**Assigned task**
From the material below, please set down exactly the lines starting with the one with "Lasona Staande lamp" and going on through the one with "U Buševcu za vikend tradicijska glazbala", without a single picture.
##### Record extracts
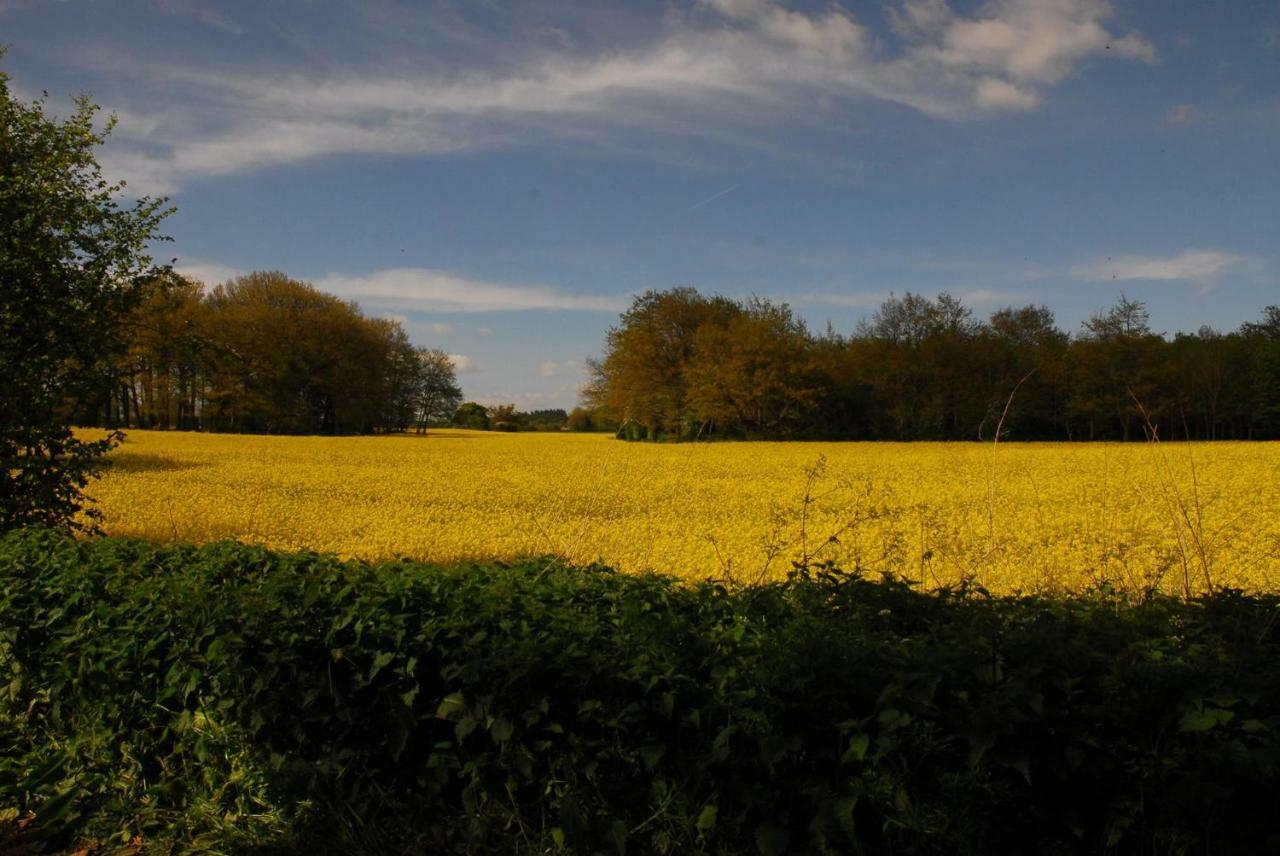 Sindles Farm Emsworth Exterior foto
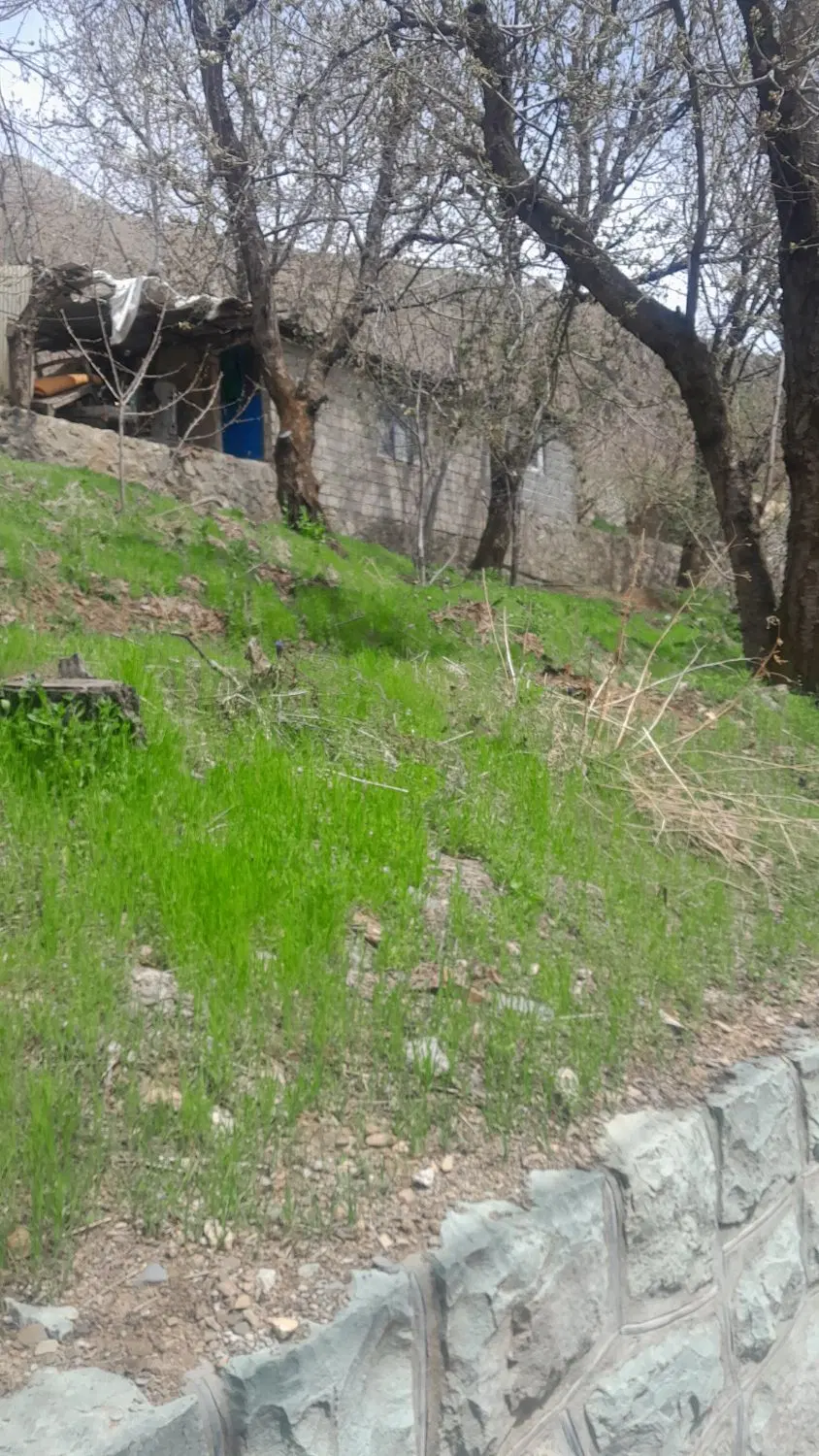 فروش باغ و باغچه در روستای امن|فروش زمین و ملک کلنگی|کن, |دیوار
##########
##### Record extracts
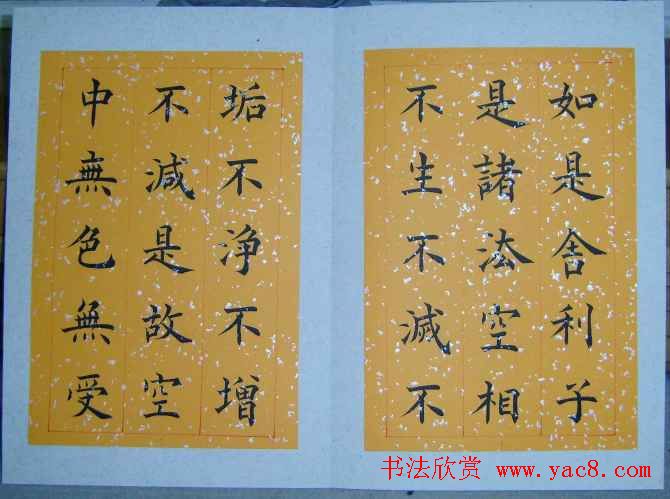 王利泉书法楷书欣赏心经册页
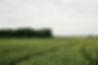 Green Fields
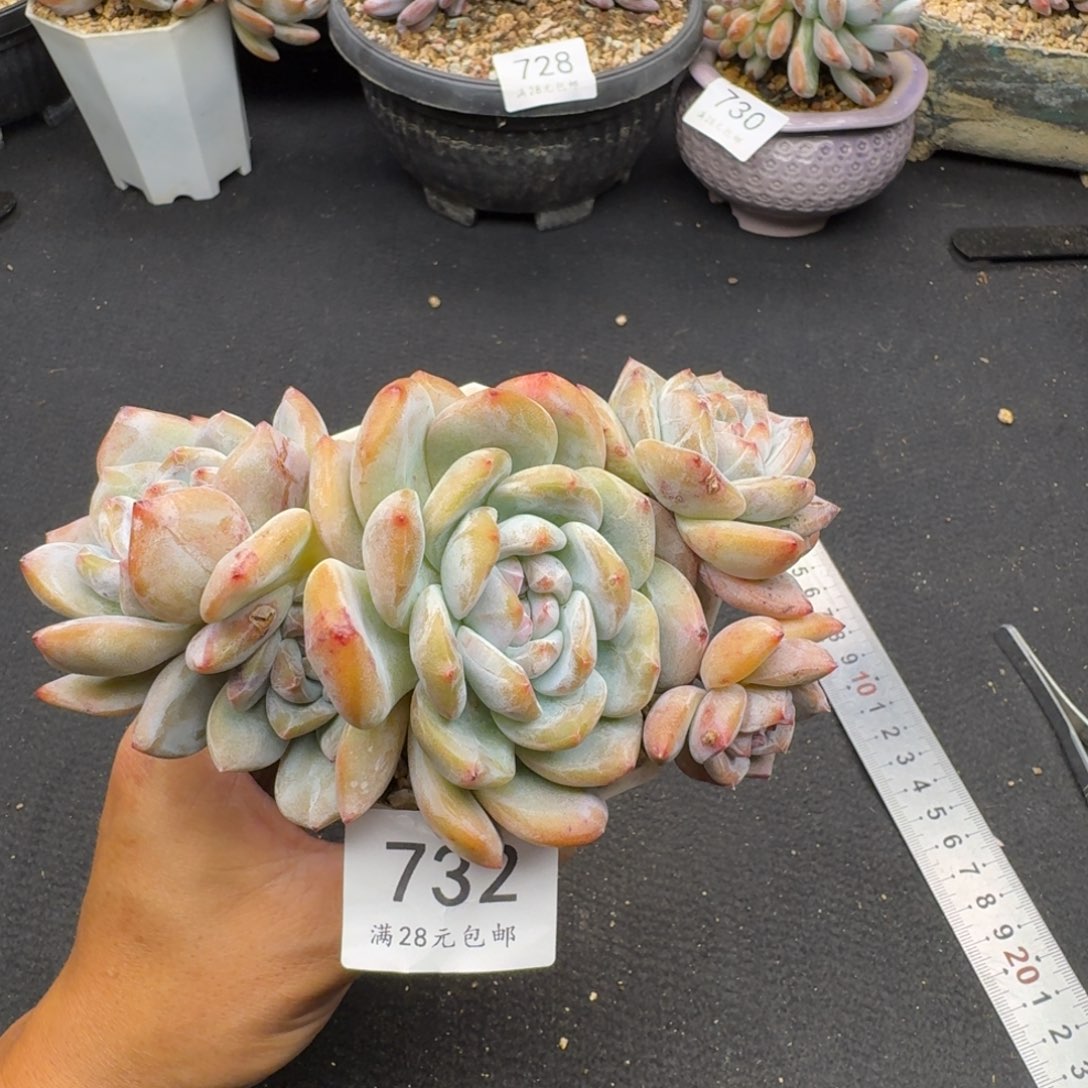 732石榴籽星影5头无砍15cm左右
##########
##### Record extracts
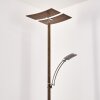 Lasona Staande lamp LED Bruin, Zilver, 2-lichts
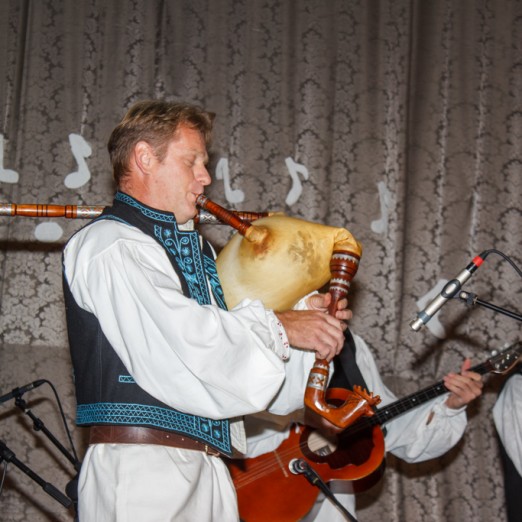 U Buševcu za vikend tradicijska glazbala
##########
**Output**
 Lasona Staande lamp LED Bruin, Zilver, 2-lichts
 U Buševcu za vikend tradicijska glazbala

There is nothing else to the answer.